Clara menatap dirinya di depan cermin, ia menggunakan gaun pengantin yang begitu mewah.
Clara
Kenapa aku harus menjalani ini? Kenapa aku harus menikah dengan seseorang yang bahkan belum pernah kutemui?
(dalam hati)
Clara
(Menatap wajahnya di cermin, mencoba meyakinkan diri)
Ini demi keluarga. Ini demi ibu. Aku tidak bisa mengecewakan mereka.
Tiba"bara masuk ke ruangan clara
Bara
Apa lo siap?
Clara
Aku... aku rasa begitu. Tapi aku tidak tahu apa yang harus aku rasakan. Ini semua terlalu cepat.
Bara
Tak usah di hiraukan
Clara
(Tersenyum pahit) Aku mengerti. Tapi aku merasa seperti aku hanya ada di sini karena kewajiban.
Bara
Benar. Ini memang hanya formalitas. Tidak ada yang lebih dari itu. Kita hanya melakukannya untuk menjaga hubungan bisnis keluarga kita. (tegas)
Clara
(mencoba menahan air mata) Aku tidak tahu apakah aku bisa melakukannya, Bara. Ini terasa sangat berat.
Bara
*Langsung pergi mengabaikan Clara
Pernikahan itu akhirnya tiba. Clara berjalan pelan menuju altar, kaki terasa berat, seperti ada beban besar yang menggantung di dadanya.

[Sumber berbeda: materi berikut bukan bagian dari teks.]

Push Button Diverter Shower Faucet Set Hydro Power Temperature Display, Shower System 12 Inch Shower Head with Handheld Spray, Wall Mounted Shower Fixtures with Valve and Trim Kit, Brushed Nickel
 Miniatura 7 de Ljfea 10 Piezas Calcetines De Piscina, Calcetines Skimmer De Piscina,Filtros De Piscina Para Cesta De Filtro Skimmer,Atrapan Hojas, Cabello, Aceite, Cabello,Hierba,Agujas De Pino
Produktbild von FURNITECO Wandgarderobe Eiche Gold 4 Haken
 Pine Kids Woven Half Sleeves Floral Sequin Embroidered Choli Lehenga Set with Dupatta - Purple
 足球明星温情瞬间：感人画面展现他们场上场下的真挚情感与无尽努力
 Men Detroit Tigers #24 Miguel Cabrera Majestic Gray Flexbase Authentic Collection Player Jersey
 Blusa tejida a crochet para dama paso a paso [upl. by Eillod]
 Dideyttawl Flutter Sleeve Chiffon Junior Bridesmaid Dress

Di depannya, Bara berdiri tegak. Sosoknya tinggi, mengenakan jas hitam rapi, dengan ekspresi datar yang sulit dibaca. Tidak ada senyuman, tidak ada sapaan lembut. Tidak ada yang menunjukkan bahwa ini adalah hari yang seharusnya bahagia.
Pendeta
Apakah kamu, Bara, bersedia menerima Clara sebagai istrimu, untuk menjalani hidup bersama dalam suka dan duka?
Bara
Ya
Pendeta
Dan apakah kamu, Clara, bersedia menerima Bara sebagai suamimu, untuk menjalani hidup bersama dalam suka dan duka?
Clara
Yaa, saya bersedia.
Prosesi itu berlangsung dengan cepat. Mereka bertukar cincin, dan Clara merasakan beratnya cincin yang melingkar di jarinya. Tidak ada ucapan manis atau janji-janji penuh kasih. Hanya sekadar seremonial yang dilakukan untuk memenuhi kewajiban.